Before Thursday’s City Council session, PennEnvironment presented a report at City Hall showing that Philadelphia had some of the worst smog in the northeast United States. In 2015, the region saw 97 days with elevated ozone levels.
Councilman-at-large Bill Greenlee, a cosponsor of the original EV legislation, called the ordinance “a fair compromise.”
“A lot of these electric vehicles are in heavily congested parking areas, and for people to have, basically, a 24/7 spot is a little bit of a problem.”
In addition to the 61 existing EV parking spots, there are another 7 applications for spots pending now before the Philadelphia Parking Authority, which will not be subject to the moratorium.

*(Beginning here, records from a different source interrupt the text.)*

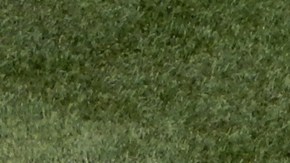 Jake Arrieta, el mejor lanzador de los Cachorros, no ha ganado desde el 27 de junio.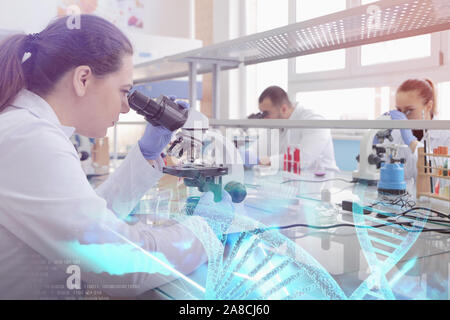 Gruppe junger Wissenschaftler im Labor Labor mit Reagenzgläsern und Mikroskopen, Test oder Forschung im klinischen Labor. Wissenschaft, Chemie, biolog Stockfoto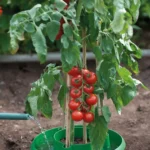 GARLAND Plant Halos Green - Set of 3 (4 per box) - Professional Watering & Support - Image 3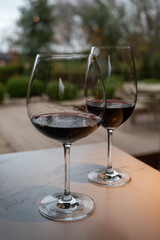 Tasting of red reserva rioja wines, visit of winery cellars in Haro, capital of Rioja wine making region, Spain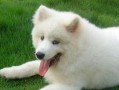 萨摩耶犬烫伤怎么办？（以宠物为主，了解如何处理狗狗的烫伤）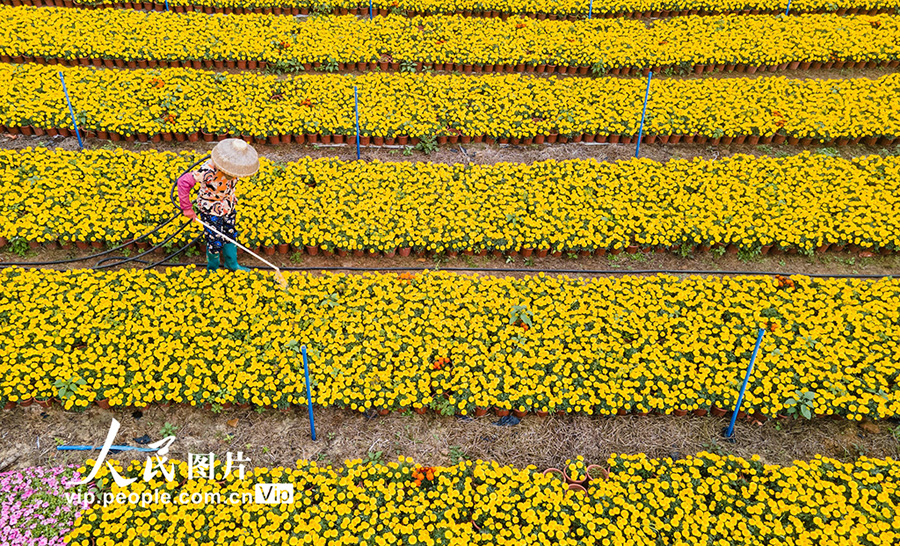 春を迎える大地で花の栽培に勤しむ花農家　海南省
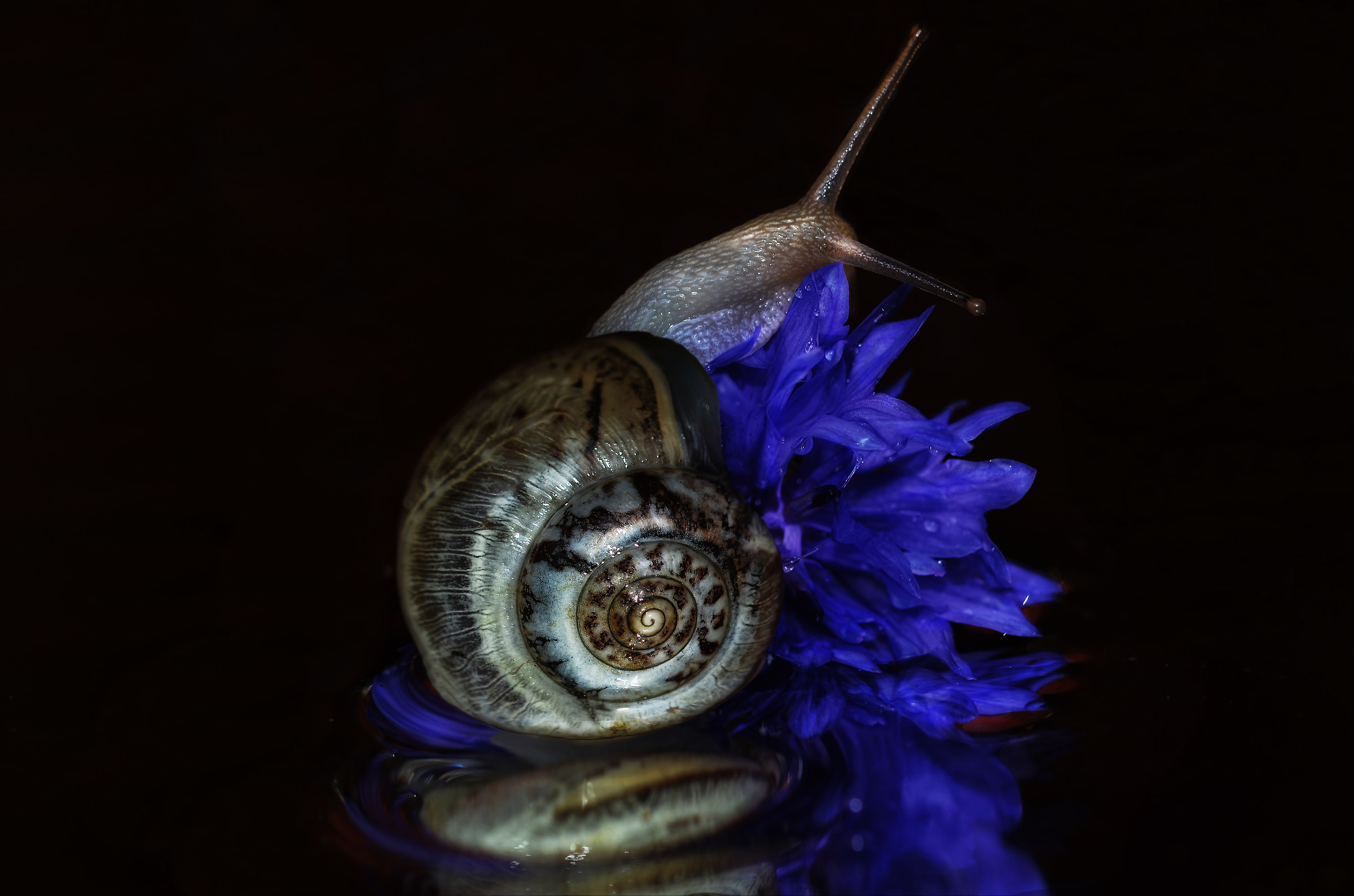 Spiral in blue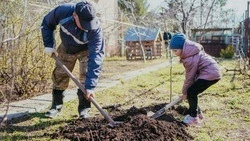 Весенняя перезагрузка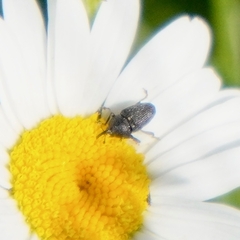 Odontocorynus salebrosus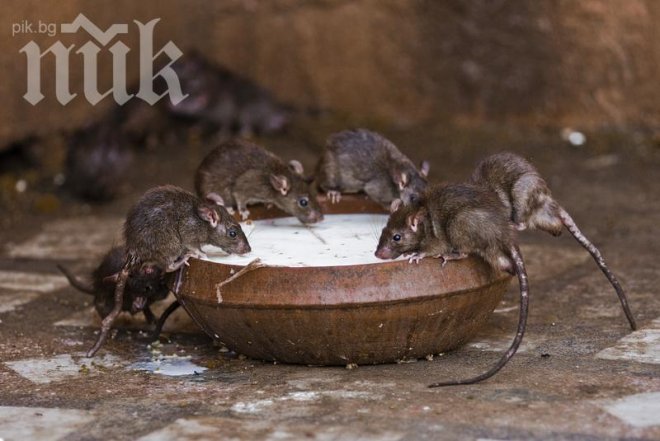 Кошмар! Плъхове-мутанти превземат София, предизвикват взрив от болести!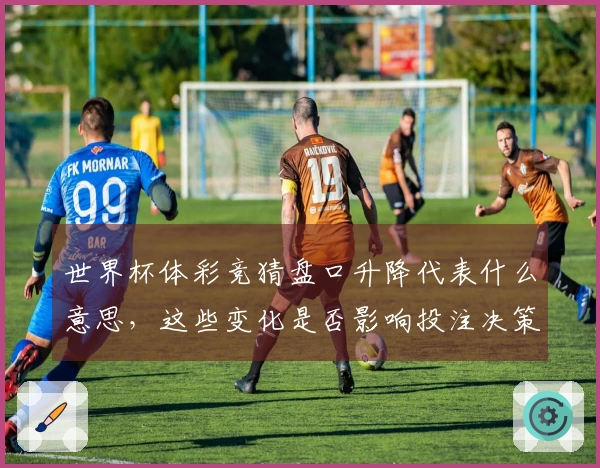 世界杯体彩竞猜盘口升降代表什么意思，这些变化是否影响投注决策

There are around 43,000 metered and permitted on-street parking spots in Philadelphia.
Years before the 2012 zoning code went into effect, the city created a parking control district for Center City to curb the proliferation of rowhouses with front-loading garages, which also effectively convert an on-street parking space into a private parking spot. The current zoning code also stipulates, “accessory parking for any single-family, two-family or multi-family use in an attached building in the RSA-5, RM-1, CMX-2, and CMX-2.5 districts shall be prohibited unless it can be accessed from a shared driveway, alley, or rear street.” Despite this, the Zoning Board of Adjustment routinely grants variances permitting the construction of front-loading garages. City Council has yet to respond to that issue, though every new curb cut to serve a garage also diminishes supply.
Councilmembers who voted nay also questioned the need to pass piecemeal legislation and a moratorium without a replacement policy in place. “I think it’s imperative we take a more holistic thoughtful and deliberative approach to this,” said Councilwoman-At-Large Blondell Reynolds Brown.
Others said the bill was unfair to the around sixty households who purchased electric cars, and spent between $3,000 and $4,000 on installing chargers. “My concern on this bill is fifty six people played by the rules made an investment,” said Councilman-At-Large Allan Domb, “and now we are changing the rules on these people.”
Councilmembers Curtis Jones, Derek Green, Helen Gym and Al Taubenberger joined Domb and Brown in voting against the bill. In his pre-vote remarks, Jones, the only district councilmember to vote no, said he normally defers to other district councilmembers on bills that impact their districts, but noted that this bill affects the entire city, even if most of the complaints come from Squilla’s district. Green worried about the signal the suspension would send to green businesses just days after EV-maker Tesla’s stock price surpassed Ford Motor Company’s.
Squilla responded to his colleagues’ criticism by saying that the moratorium would now spur Council to address the EV charging infrastructure problem head on, instead of relying on the slow trickle of owners. Until it does, only Philadelphia residents with a driveway or garage will be able to invest in an electric vehicle.
Squilla also introduced a bill today to put a two-year cap on the moratorium, responding to complaints that the open-ended suspension amounted to a de facto ban of new permits.
Last week, Oh also introduced a bill that would require anyone who wanted to install new electric vehicle charger— separate from any parking – to seek approval from the art commission before they could get a permit for installation. The permit seeker would also need to obtain liability insurance covering any member of the public injured by the charger, and allows for the charger to be removed if it creates a “public nuisance”.
EV owner William Morlok of Fitler Square derided Oh’s permitting bill. “This appears to be an attempt to allow a councilmember to have a charger removed if someone complains about it,” Morlock said.